Auf den Plakaten seien zudem keine unwahren Aussagen enthalten. Vielmehr sei dem durchschnittlichen Rezipienten durch die Formulierung „Die Tina-Turner-Story“ klar, dass in der Show die Geschichte Tina Turners erzählt werde. Ein direktes Mitwirken der Musikerin selbst sei – gerade auch im Hinblick auf ihr über 10 Jahre zurückliegendes Karriereende – hingegen fernliegend. Auch Hinweise auf eine Erlaubnis oder Unterstützung der Tribute-Show durch Tina Turner selbst fehlten. Durchschnittliche Betrachter des Plakats erhielten allenfalls den Eindruck, dass eine der jüngeren Tina Turner ähnlich sehende Sängerin in der Tribute-Show auftrete.
Lehren für die Praxis
Der BGH hält mit diesem Revisionsurteil die Entscheidung des Oberlandesgerichts Köln aufrecht und schließt sich der Argumentation der Vorinstanz im Wesentlichen an. Mit diesem klärenden Wort aus Karlsruhe wird veranstaltenden Produktionsunternehmen die Bewerbung von Tribute-Shows deutlich erleichtert. Sie sollte jedoch auch nicht als Freibrief missverstanden werden. Nicht jede konkrete Werbung müsste zum selben Abwägungsergebnis führen. Eine wichtige Rolle spielte hier etwa, dass Tina Turner ihre aktive Karriere vor über 10 Jahren beendet hat. Wer Tribute-Shows mit Doppelgängern noch aktiver Künstler produzieren möchte, sollte daher ein wenig zurückhaltender werben, um sich nicht dem Vorwurf auszusetzen, die eigene Veranstaltung mit unwahren Aussagen anzukündigen. Eine gut wahrnehmbare Klarstellung auf den Werbematerialien, dass die prominente Person von einem Dritten dargestellt wird („mit .. als ..“) sollte in jedem Fall ausreichend sein.
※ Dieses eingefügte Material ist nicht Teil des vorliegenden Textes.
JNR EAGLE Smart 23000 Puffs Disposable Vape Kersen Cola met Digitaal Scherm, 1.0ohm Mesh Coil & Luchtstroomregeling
Besonders bemerkenswert an der Entscheidung ist zudem, dass der BGH ein inhaltliches Eingehen auf die Voraussetzungen der DSGVO sehr bewusst vermeidet. Manche äußerst relevante und in der Praxis derzeit unklare Rechtsfrage wird zwar angerissen, aber letztlich offengelassen, da im Ergebnis laut BGH die Abwägung nach den europäischen Grundfreiheiten zum selben Ergebnis führen müsse wie nach den Grundrechten des Grundgesetzes. Damit sendet der BGH ein Signal der Entspannung vor allem in Bezug auf die Zulässigkeit von Film- und Fotoaufnahmen bei Veranstaltungen. Solange diese mit dem KUG vereinbar und nach einer Güter- und Interessenabwägung unter Berücksichtigung der Grundrechte des Grundgesetzes zulässig sind, spricht damit auch vieles für eine Zulässigkeit nach der DSGVO – jedenfalls nach Ansicht des Bundesgerichtshofs. Der EuGH könnte dies freilich in Zukunft anders sehen.